DIRECTIONS
For the listing below, the answer is an exact retyping of the lines from the one with "Bir insan tarafından" through the one with "Phares D-LITE Peugeot", both included, without pictures.

Top of SUPPLIED MATERIAL

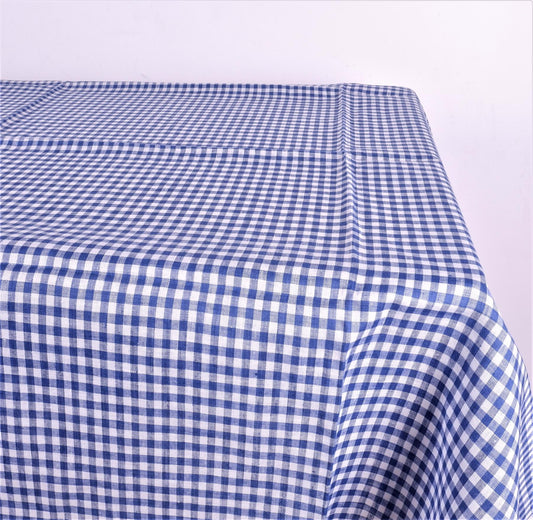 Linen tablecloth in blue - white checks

Bottom of SUPPLIED MATERIAL
Top of SUPPLIED MATERIAL

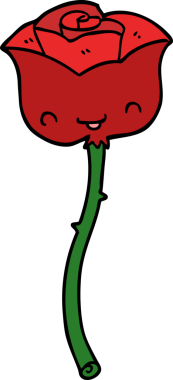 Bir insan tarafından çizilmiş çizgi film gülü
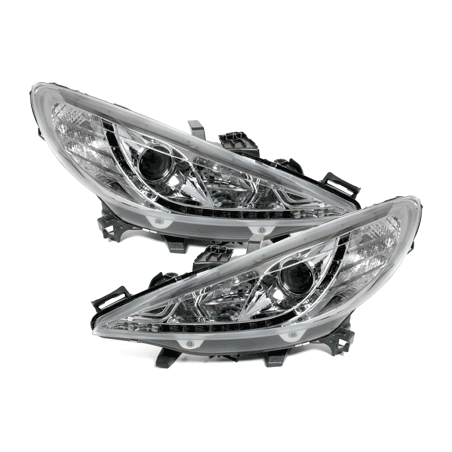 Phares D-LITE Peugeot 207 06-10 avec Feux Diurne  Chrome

Bottom of SUPPLIED MATERIAL

TASK OUTPUT
 Bir insan tarafından çizilmiş çizgi film gülü
 Phares D-LITE Peugeot 207 06-10 avec Feux Diurne  Chrome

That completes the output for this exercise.